I'm about to get my 2nd speedlite but am on a ridiculously tight budget. Am looking at this one:
Aliexpress.com Buy Quad core MK12 Android4.4 TV Box Amlogic S812 ARM Cortex A9r4 2.0GHz XBMC 4K 2K 2G 16G with Dual Band WiFi Bluetooth 4.0 RKM from Reliable xbmc tv suppliers on iGeTek-3C Products Wholesaler Alibaba Group

For learning purposes what do other people think? My first flash is a very basic non-tll yongnuo so I wanted to try out the TTL options and add a second flash to my gear but not paying more than 50-60usd. I'm using a canon T3 (d1100) so as far as I know it won't work wirelessly but I have some triggers (although non-ttl) for that, and am thinking to get a better canon body within a year or so from now anyway.

Any opinions?


----------



## astroNikon (Mar 24, 2015)

Try it and tell us how your like it.
Some folks have been buying a brand called Neewer and having good luck with it.
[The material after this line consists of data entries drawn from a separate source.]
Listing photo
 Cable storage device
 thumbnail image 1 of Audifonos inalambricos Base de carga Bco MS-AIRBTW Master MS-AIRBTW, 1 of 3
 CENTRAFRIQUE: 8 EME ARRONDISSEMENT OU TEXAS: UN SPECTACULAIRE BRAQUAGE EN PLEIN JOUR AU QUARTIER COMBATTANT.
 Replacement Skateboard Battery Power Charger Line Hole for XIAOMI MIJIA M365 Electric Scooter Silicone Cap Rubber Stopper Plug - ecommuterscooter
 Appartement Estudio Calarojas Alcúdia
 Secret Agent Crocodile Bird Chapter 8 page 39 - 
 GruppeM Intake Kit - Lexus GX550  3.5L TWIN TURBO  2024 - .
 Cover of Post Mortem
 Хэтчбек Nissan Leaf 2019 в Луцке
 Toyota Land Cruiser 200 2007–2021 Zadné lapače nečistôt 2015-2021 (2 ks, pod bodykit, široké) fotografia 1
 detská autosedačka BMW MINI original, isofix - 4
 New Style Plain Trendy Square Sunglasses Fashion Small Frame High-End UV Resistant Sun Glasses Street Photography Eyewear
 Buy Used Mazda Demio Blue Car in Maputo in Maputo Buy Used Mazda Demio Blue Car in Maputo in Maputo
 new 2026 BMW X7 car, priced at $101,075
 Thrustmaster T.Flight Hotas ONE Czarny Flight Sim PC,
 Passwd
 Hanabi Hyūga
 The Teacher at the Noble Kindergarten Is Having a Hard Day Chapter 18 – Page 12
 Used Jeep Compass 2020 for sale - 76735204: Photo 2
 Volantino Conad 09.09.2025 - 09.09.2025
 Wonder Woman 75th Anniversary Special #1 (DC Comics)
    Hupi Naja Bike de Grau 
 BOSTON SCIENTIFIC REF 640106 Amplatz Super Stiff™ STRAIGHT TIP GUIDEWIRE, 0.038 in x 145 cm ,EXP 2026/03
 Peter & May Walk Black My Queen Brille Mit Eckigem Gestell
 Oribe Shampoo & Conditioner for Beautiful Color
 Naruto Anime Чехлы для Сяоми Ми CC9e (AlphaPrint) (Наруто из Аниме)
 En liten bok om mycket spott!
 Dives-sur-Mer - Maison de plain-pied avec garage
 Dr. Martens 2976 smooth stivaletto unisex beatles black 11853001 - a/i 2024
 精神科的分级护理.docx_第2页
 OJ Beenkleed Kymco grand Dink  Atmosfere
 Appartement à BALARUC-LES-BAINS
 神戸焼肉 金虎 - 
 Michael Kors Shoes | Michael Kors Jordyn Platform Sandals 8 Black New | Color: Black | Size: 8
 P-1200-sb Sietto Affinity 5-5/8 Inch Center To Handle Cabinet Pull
One of our posters has a flash website with reviews too ... I'm going to look for it again.


----------



## astroNikon (Mar 24, 2015)

here's the page==> Flash Photography Basics

and a specific cheap speedlight ==> Review of the Neewer VK750 II Speedlight


----------



## Braineack (Mar 24, 2015)

I have a feeling that's the same thing with a different brand stamped on the front.


----------



## TheStupidForeigner (Mar 27, 2015)

Just ordered the neewer ttl for 40 euros, can't beat that and my other flash is also neewer which has worked great so far. Thanks for the advice!


----------



## astroNikon (Mar 27, 2015)

Braineack said:


> I have a feeling that's the same thing with a different brand stamped on the front.


after I read one of those articles one of those brands definitely was rebranded the same name.  Plus he said his other was a neewer.
But I'm happy with Yongnuo as my cheap Nikon alternative.


----------



## table1349 (Mar 28, 2015)

Comes in Canon and Nikon versions.  http://www.walmart.com/ip/Nikon-Sunpak-DF3000-Flash/20605823#about


----------